A while back I had to re-activate my deactivated Facebook account to participate in a Messenger group chat. I wasn’t exactly happy about this, but being an absolutist about these things is not worthwhile either. After re-activating my account I decided it would make me slightly happier about the situation if I wiped all the content from my account. A digital detox if you will. Ever since then I’ve had a nagging feeling I should expand this idea to other platforms. This blog post is about how I deleted all my tweets on Twitter.
Thanks to the EU and the GDPR I can ask Twitter to delete all my data and they have to comply with my request. Unfortunately, my goal isn’t to delete my Twitter account, I just want to delete all my tweets. Twitter does have an API which should make it trivial to enumerate and delete all of my tweets. There are many scripts available online which do just this. Not to mention many websites that offer the same service, although I’d stay away from them.
I used Chris Albon’s
tweet_deleting_script.py as the base of my implementation. Before running it I made a few tweaks, namely injecting the relevant secrets via the environment.

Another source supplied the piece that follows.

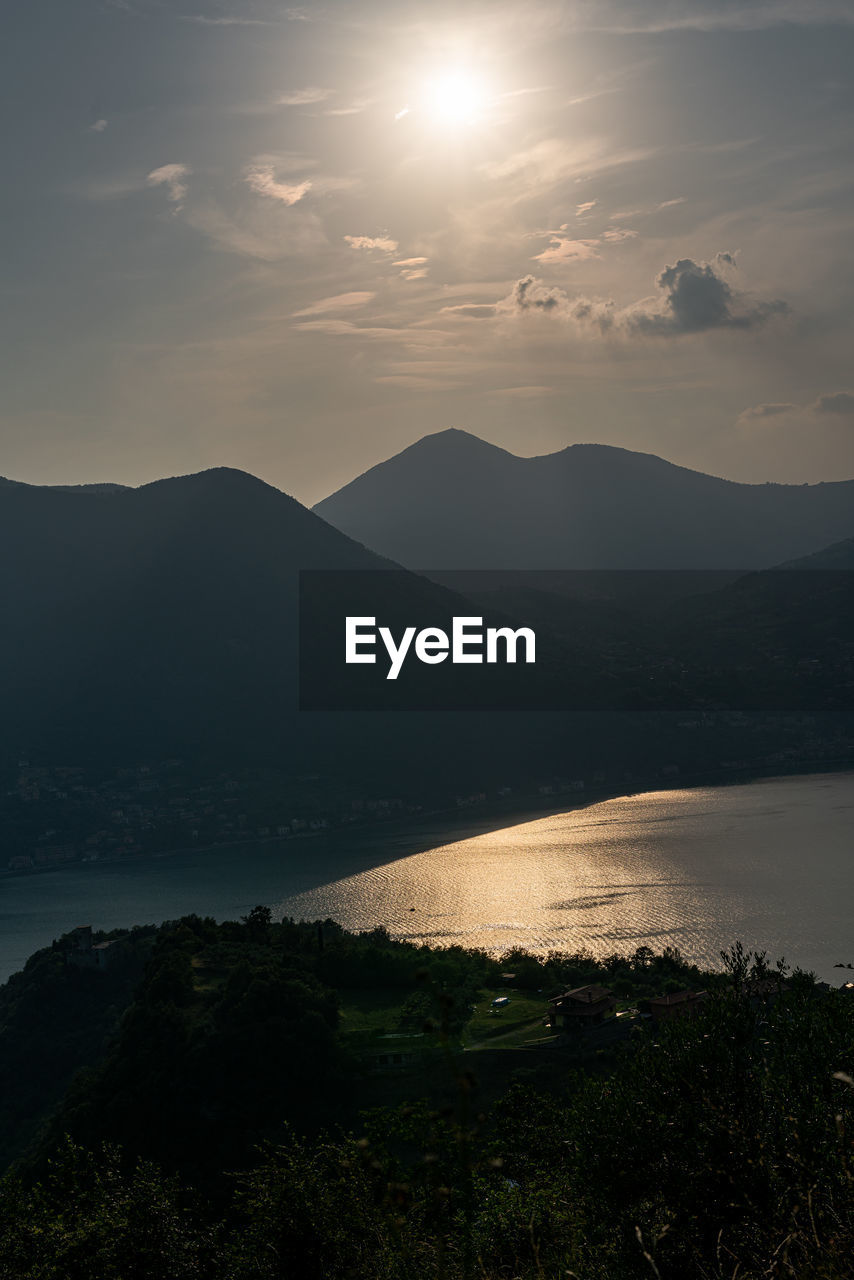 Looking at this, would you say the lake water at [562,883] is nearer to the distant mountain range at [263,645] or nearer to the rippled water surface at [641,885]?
the rippled water surface at [641,885]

Chris’s script fetches all tweets for the account in question using Twitter’s timeline API endpoint and then, unsurprisingly, deletes each of them in turn. Chris also added some filtering criteria to keep certain Tweets around, but since I was going nuclear I removed that code.
That’s that then? Run the script and wait? You’d be forgiven for thinking this was the end of this post and that it makes for a rather dull post. However, we live in the year 2021 of exciting web scale services and distributed systems and Twitter’s timeline API only returns the last 3200 tweets.
The user Tweet timeline endpoint is a REST endpoint that receives a single path parameter to indicate the desired user (by user ID). The endpoint can return the 3,200 most recent Tweets, Retweets, replies and Quote Tweets posted by the user.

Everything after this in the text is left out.